Londoner Wolkenkratzer "The Shard": Teurer Blick aus dem 72. Stock

London bietet Besuchern eine neue Möglichkeit, die Stadt aus der Vogelperspektive zu betrachten — vom höchsten Haus Westeuropas.

London. London von oben: Ob auf dem Riesenrad „London Eye“, auf dem ArcelorMittal Tower im Olympiapark oder in der neuen Seilbahn von Greenwich über die Themse — die britische Metropole bietet ihren Besuchern gern die Vogelperspektive. Jetzt kommt eine weitere Aussichtsplattform dazu. Sie ist mit 244 Metern Höhe besonders spektakulär: Das nagelneue Hochhaus „The Shard“ neben dem Bahnhof London Bridge lädt Besucher zum luftigen Sightseeing ein. Am Freitag eröffnet die Plattform. Die Karten für sündhaft teure 25 Pfund (umgerechnet etwa 29 Euro) — deutlich mehr als etwa für das Empire State Building in New York — sind für die ersten drei Öffnungstage bereits vergriffen. (Update: inzwischen kosten die Tickets 29 Pfund. Über visitbritainshop.com kann ein Ticket für 30,50€ vorab online gebucht werden).

Auch wenn der Ausblick wohl nicht mit dem auf Manhattan mithalten kann, ist „The Shard“ (Die Scherbe) als Gebäude spektakulär: Mit 310 Metern ist der Turm aus Glas und Stahl am Südufer der Themse das größte Hochhaus in Westeuropa — nur der Moskauer Mercury Tower ist noch ein paar Meter höher. Oft ragt die Spitze des Hochhauses von Stararchitekt Renzo Piano in die Wolken. Innenarchitekt Kevin Murphy versichert: „Nur an sehr wenigen Tagen“ sei die Lage so, dass man von der Aussichtsplattform lediglich eine berühmte Londoner Sehenswürdigkeit sehen kann: den Nebel.

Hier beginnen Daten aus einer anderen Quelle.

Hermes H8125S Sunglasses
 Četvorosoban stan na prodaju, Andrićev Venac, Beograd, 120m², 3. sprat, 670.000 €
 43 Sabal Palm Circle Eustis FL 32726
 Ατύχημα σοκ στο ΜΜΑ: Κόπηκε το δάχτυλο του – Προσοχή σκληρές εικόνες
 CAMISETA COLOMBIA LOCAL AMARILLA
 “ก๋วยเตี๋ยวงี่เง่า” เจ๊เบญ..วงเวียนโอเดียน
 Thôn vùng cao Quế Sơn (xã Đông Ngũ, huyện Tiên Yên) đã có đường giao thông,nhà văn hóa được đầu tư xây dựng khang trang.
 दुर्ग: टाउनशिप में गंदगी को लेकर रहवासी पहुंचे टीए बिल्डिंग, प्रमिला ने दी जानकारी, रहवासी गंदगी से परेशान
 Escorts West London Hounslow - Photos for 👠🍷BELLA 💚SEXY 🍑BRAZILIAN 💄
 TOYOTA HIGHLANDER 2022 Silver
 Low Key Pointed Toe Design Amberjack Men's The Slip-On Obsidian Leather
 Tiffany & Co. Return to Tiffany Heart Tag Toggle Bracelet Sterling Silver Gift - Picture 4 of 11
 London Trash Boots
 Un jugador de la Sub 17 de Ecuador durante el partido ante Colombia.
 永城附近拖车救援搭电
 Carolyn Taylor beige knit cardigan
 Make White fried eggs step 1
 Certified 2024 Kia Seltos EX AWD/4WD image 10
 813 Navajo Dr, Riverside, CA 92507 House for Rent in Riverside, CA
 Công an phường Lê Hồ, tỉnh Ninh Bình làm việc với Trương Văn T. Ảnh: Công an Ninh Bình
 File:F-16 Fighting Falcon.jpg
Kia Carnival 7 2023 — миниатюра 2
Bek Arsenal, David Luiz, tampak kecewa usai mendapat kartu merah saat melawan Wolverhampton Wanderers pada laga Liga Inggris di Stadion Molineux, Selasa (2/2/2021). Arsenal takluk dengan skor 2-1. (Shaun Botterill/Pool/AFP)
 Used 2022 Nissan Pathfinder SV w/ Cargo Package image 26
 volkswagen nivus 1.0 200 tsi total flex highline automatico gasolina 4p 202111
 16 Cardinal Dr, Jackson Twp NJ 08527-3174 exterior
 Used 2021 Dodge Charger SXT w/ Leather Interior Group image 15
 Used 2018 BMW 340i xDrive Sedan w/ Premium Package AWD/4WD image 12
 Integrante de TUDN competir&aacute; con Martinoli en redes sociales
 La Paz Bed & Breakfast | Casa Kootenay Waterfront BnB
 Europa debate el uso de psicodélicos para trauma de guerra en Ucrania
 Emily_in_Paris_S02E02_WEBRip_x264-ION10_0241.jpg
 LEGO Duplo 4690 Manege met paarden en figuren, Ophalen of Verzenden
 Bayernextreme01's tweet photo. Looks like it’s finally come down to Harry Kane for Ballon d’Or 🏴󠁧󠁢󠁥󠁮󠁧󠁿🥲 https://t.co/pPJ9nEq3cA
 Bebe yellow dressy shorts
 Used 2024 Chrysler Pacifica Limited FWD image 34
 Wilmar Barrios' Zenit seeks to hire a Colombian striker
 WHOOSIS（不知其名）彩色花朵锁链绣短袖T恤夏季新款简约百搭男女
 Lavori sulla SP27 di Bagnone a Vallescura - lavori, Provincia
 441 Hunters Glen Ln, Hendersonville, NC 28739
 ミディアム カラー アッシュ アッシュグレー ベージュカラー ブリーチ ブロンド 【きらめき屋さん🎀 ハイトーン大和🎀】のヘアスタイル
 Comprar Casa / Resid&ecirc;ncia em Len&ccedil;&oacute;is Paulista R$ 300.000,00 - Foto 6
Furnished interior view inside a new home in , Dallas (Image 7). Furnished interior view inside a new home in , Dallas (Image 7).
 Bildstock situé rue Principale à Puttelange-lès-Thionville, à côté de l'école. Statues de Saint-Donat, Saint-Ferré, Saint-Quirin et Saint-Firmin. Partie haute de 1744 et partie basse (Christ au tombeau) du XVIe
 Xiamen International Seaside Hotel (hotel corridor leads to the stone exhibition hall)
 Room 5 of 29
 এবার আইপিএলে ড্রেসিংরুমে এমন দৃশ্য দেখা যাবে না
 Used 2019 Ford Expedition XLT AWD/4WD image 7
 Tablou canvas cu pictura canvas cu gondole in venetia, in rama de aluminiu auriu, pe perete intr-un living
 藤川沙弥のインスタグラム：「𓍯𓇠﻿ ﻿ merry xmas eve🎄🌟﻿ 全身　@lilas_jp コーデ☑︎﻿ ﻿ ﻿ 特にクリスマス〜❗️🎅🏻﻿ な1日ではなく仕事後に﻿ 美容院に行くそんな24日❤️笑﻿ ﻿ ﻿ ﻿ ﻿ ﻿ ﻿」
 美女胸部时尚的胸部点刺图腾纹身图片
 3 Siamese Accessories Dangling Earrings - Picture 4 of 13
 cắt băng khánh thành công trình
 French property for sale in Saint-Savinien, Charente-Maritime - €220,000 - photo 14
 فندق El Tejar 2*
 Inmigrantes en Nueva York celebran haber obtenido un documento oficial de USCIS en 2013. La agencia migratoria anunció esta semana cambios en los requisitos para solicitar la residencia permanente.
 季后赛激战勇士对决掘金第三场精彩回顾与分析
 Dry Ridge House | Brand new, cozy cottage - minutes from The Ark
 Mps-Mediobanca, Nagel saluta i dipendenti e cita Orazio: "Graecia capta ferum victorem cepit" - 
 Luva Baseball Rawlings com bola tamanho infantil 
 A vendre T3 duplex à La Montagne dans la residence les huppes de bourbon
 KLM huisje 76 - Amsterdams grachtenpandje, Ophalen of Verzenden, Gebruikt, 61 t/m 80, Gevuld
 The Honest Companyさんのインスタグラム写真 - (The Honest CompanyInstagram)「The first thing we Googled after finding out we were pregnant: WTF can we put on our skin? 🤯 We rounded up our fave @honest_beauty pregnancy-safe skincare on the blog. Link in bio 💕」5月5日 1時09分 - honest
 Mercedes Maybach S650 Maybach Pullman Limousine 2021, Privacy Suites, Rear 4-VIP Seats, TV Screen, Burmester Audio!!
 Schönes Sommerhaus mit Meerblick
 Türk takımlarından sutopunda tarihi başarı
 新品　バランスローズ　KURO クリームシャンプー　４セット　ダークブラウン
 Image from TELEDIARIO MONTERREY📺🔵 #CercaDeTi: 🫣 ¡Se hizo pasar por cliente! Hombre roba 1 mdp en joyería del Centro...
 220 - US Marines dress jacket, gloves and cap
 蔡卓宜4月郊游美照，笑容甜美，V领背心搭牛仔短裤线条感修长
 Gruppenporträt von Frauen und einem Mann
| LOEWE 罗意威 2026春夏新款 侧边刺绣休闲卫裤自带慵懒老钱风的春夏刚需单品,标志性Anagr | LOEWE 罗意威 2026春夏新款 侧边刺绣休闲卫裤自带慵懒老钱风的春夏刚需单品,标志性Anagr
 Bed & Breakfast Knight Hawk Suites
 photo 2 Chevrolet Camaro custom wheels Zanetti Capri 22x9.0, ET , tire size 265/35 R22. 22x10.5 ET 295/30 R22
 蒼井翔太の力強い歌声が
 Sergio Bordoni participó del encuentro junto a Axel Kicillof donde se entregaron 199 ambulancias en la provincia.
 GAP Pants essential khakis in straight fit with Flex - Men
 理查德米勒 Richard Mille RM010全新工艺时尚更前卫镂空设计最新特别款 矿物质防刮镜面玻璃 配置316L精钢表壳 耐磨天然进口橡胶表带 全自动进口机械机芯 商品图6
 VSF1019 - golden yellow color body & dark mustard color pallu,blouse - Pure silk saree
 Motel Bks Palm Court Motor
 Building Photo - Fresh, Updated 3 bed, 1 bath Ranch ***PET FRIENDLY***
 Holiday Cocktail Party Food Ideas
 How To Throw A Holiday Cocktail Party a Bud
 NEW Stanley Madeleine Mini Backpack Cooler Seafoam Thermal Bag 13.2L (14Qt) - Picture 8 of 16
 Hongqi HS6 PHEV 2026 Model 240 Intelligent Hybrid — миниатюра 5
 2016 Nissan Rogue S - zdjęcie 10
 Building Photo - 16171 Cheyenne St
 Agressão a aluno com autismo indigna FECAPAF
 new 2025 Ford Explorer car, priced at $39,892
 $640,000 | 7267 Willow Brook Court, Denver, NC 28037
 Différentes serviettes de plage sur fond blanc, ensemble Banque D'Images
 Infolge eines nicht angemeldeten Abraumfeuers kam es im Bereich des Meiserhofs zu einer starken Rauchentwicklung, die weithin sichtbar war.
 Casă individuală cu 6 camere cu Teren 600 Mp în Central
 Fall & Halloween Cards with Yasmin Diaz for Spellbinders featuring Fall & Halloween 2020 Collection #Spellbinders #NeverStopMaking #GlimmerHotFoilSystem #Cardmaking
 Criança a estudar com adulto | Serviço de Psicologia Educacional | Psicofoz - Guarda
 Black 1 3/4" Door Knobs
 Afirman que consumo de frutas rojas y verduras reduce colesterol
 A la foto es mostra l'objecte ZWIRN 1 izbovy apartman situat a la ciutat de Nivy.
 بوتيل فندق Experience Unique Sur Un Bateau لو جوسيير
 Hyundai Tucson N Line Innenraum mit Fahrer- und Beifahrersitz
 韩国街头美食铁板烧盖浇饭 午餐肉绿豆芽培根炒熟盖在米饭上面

Für Touristen ist der Blick von „The Shard“ eine weitere teure Attraktion in der Themse-Metropole — nach Madame Tussauds Wachsfigurenkabinett für deftige 30 Pfund oder der Historien-Geisterbahn London Dungeon für 24,60 Pfund. Unter den Einheimischen ist der „Stachel“ in den Himmel über der Themse ein ständiges Gesprächsthema. Denn an dem Hochhaus wird auch ein Dilemma deutlich: London ist eine Stadt der Superlative, weltoffen und modern, vibrierend und lebenslustig. Aber sie ist auch gezeichnet von den Spuren der Wirtschaftskrise.

Hinter den 11 000 Glasscheiben der vertikalen Stadt, wie der mit Geld aus dem Emirat Katar geschaffene Mikrokosmos „The Shard“ auch von seinen Erbauern genannt wird, wird die Problematik sichtbar. Das Gebäude wird ein Luxushotel der Fünf-Sterne-Kategorie enthalten. Die wenigen Edel-Wohnungen wechseln für zweistellige Millionenbeträge in Pfund den Besitzer. In der 32. Etage zieht der deutsche Starkoch Rainer Becker mit seinem Edel-Grill „Oblix“ ein.

Die Hälfte der Büroflächen auf den mehr als 90 nigelnagelneuen Etagen — und das ist die andere Seite der Medaille — ist aber noch immer nicht vermietet. Erst bis Ende 2014 solle das gelungen sein, geben die Bauträger zu. „The Shard“ bekommt die Flaute im Londoner Bankenviertel zu spüren, in dem in den vergangenen sechs Jahren 100 000 Arbeitsplätze abgebaut wurden.

Um den großen Londoner Konkurrenten des „Shard“ ist es schon ruhig geworden: Der Bau von „The Pinnacle“, ein fast genauso hoch geplanter Büroturm in der Bankenmeile, liegt seit einem Jahr auf Eis — und beschäftigt seitdem mehr die Richter als die Bauarbeiter.